▶ **WHAT YOU ARE ASKED TO DO**
Transcribe, exactly and without pictures, the lines below from the line with "Vintage Diamond & Sapphire Ring - Image 2" to the line with "Ferrari Shield Cufflinks", both ends included, and no others.

*** Opening PROVIDED RECORDS ***

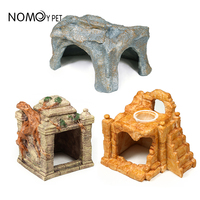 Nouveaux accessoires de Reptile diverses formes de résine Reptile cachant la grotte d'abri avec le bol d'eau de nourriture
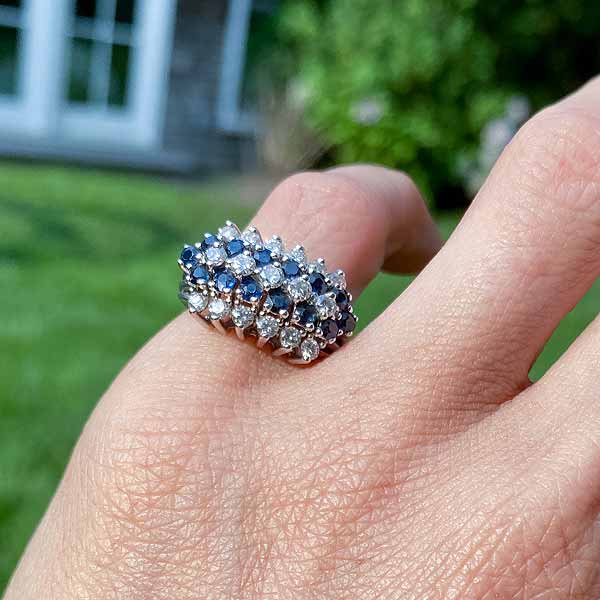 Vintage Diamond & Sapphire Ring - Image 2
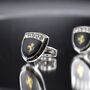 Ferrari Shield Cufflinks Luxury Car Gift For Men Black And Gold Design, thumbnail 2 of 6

*** Closing PROVIDED RECORDS ***
*** Opening PROVIDED RECORDS ***

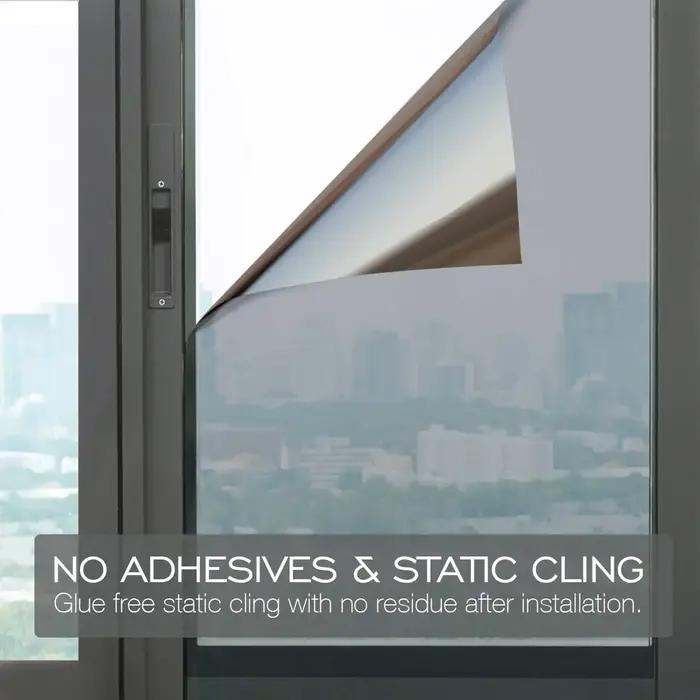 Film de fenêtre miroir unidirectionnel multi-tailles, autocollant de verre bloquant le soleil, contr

*** Closing PROVIDED RECORDS ***

▶ **ANSWER SECTION**
 Vintage Diamond & Sapphire Ring - Image 2
 Ferrari Shield Cufflinks Luxury Car Gift For Men Black And Gold Design, thumbnail 2 of 6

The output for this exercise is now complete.